Farmers take the spotlight in China talks
Story Date: 9/12/2019

 

Source: POLITICO'S MORNING AGRICULTURE, 9/11/19

Mnuchin said China's treatment of U.S. farmers will be the Trump administration's top priority in the coming weeks as officials from each nation meet for the latest round of trade negotiations, reports Pro Trade's Adam Behsudi. "I can tell you that's top of the agenda for the conversations we are having this month," he said during a Senate Banking Committee hearing on Tuesday.

POLITICO reported last week that China offered to purchase a modest amount of U.S. commodities if Trump eases restrictions on the blacklisted Chinese tech firm Huawei and postpones another round of escalating tariffs set for Oct. 1.

Beijing is preparing to make good on that offer, per our partners at the South China Morning Post. A source familiar with the situation said staffers were discussing the text of a deal that would be reviewed when Chinese Vice-Premier Liu He meets Mnuchin and U.S. Trade Representative Robert Lighthizer in Washington next month.

All about ag: Trump has desperately pushed Beijing to ramp up its purchases of U.S. farm goods. In recent months, agriculture has drawn much of the public attention in the negotiations — even though bigger structural issues like forced technology transfers and intellectual property protections were at the heart of the impasse that led talks to fall apart in May.

"Everyone knows that there is little trust on either side, and deals over soybeans won't change that," said Scott Kennedy, senior adviser with the Center for Strategic and International Studies.

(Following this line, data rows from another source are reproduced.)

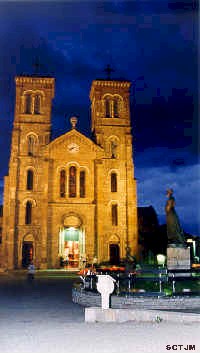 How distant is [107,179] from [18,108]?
1467 centimetres

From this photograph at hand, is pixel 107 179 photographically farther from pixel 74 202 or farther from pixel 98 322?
pixel 98 322

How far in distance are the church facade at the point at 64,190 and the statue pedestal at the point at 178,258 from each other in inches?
897

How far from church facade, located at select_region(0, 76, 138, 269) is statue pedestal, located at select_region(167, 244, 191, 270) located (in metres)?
22.8

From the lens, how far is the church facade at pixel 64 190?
45969mm

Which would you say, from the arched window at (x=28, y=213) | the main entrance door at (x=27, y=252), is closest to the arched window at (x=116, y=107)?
the arched window at (x=28, y=213)

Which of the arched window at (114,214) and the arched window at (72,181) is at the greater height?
the arched window at (72,181)

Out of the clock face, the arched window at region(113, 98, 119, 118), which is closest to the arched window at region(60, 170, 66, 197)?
the clock face

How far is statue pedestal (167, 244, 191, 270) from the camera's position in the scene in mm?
22562

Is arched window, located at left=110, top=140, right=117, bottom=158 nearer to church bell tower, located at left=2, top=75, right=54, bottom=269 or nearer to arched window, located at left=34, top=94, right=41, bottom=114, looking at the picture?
church bell tower, located at left=2, top=75, right=54, bottom=269

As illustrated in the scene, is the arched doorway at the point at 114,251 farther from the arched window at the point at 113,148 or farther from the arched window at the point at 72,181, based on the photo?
the arched window at the point at 113,148

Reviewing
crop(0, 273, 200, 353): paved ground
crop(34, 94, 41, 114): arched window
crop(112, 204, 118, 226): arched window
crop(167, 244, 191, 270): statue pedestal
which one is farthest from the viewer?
crop(34, 94, 41, 114): arched window

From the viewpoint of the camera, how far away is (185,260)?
74.3 feet

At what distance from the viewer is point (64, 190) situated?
4753cm

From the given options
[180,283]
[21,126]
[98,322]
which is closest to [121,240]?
[21,126] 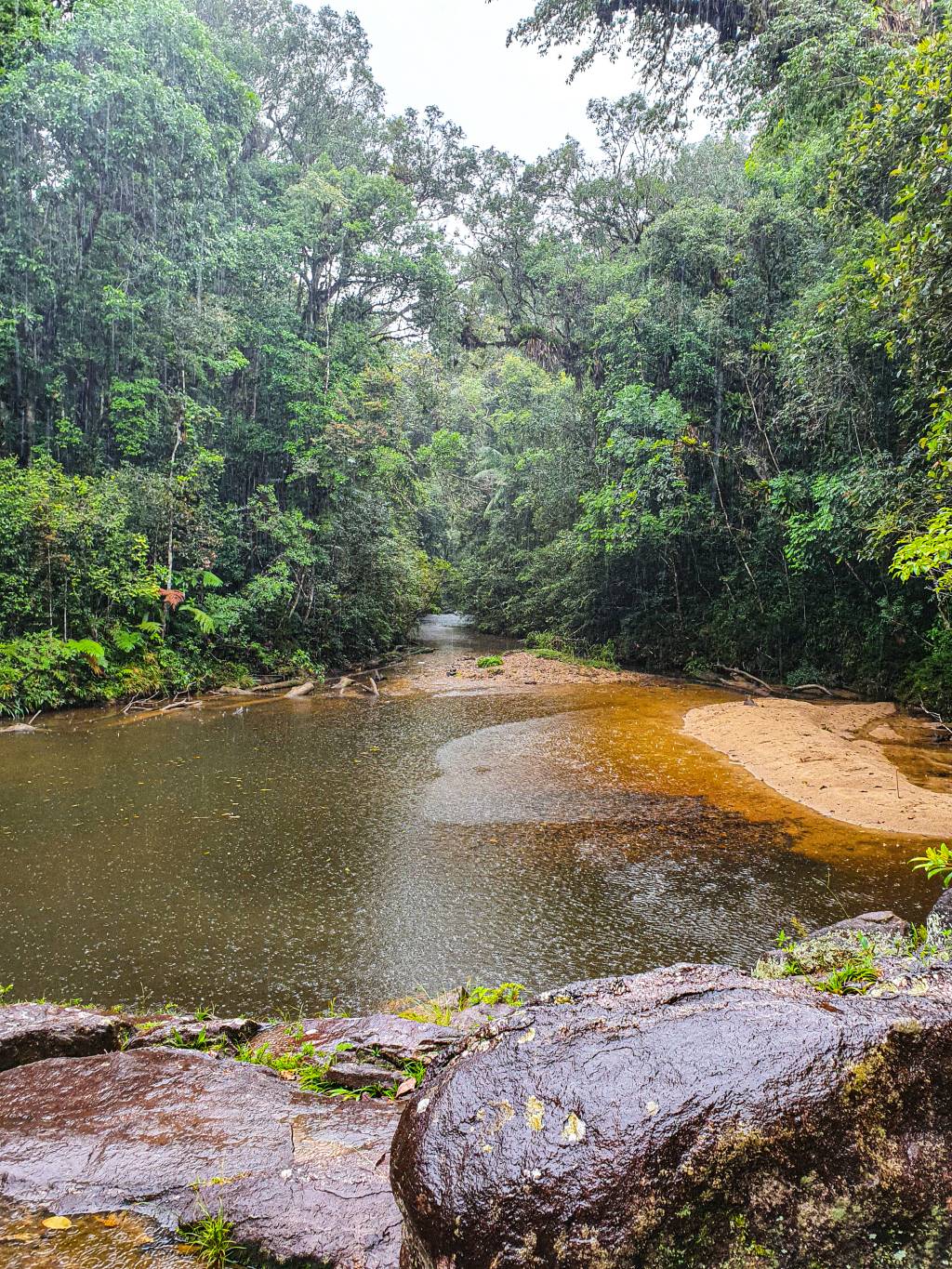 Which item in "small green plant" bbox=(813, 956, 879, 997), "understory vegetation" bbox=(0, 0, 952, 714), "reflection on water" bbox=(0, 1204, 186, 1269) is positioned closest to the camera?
"reflection on water" bbox=(0, 1204, 186, 1269)

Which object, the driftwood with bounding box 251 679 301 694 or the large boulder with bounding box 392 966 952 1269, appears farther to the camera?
the driftwood with bounding box 251 679 301 694

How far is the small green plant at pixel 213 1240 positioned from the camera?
5.26 feet

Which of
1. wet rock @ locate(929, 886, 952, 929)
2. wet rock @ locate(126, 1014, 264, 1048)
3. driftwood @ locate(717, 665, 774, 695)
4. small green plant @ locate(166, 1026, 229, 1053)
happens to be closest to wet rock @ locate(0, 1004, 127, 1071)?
wet rock @ locate(126, 1014, 264, 1048)

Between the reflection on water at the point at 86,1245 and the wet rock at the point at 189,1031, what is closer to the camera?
the reflection on water at the point at 86,1245

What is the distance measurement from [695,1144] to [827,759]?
893 cm

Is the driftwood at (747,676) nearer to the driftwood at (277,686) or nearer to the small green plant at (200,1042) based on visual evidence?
the driftwood at (277,686)

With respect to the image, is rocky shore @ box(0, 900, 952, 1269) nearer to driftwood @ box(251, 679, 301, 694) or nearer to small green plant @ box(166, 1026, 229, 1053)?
small green plant @ box(166, 1026, 229, 1053)

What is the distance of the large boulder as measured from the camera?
117 cm

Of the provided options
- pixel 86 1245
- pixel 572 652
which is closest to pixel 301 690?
pixel 572 652

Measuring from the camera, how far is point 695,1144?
4.06 feet

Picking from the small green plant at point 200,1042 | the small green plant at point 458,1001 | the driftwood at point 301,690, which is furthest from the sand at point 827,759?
the driftwood at point 301,690

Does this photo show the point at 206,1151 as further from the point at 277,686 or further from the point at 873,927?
the point at 277,686

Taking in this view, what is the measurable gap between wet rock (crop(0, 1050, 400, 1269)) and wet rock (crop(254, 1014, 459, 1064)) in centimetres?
45

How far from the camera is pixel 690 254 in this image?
15.7 metres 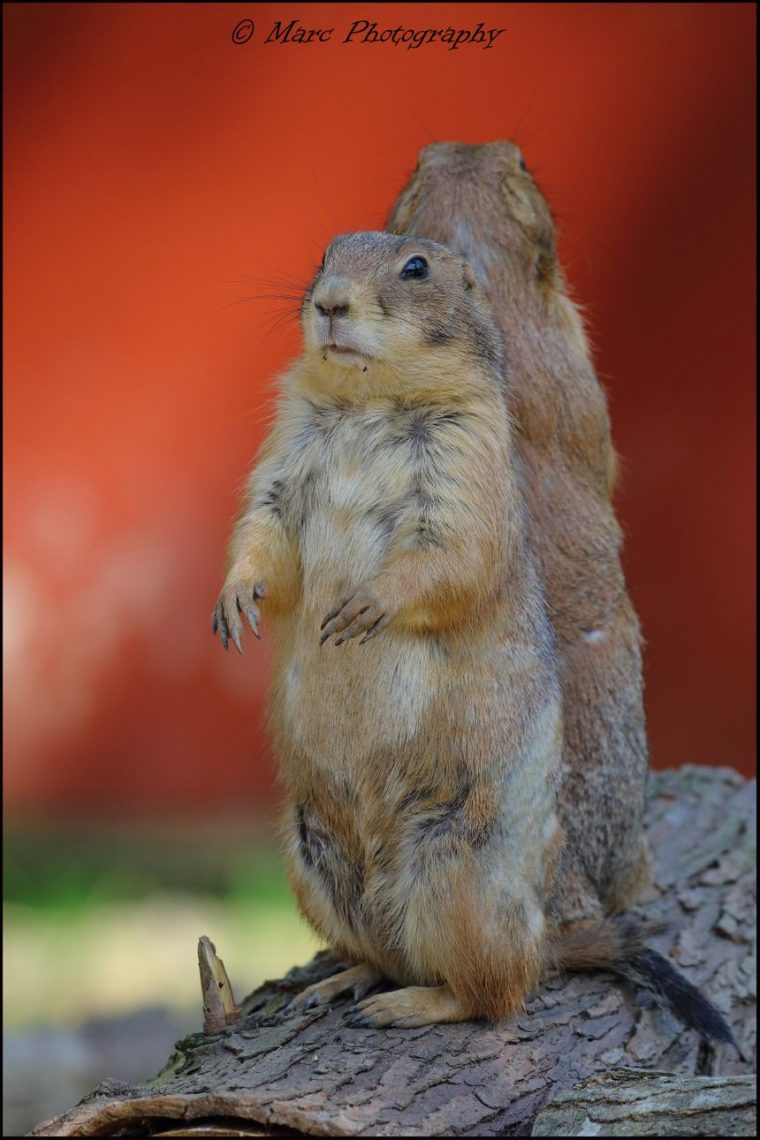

China is facing its own domestic agriculture problems: With African swine fever wiping out millions of Chinese hogs, officials are scrambling to get a handle on soaring pork prices, which have weighed on the world's second-largest economy. Pork prices were almost 50 percent higher in August than compared to a year earlier.

Hog farming is a major national industry, with pigmeat a staple of Chinese cuisine. The issue has even eclipsed the trade war in Chinese media coverage, the SCMP reports.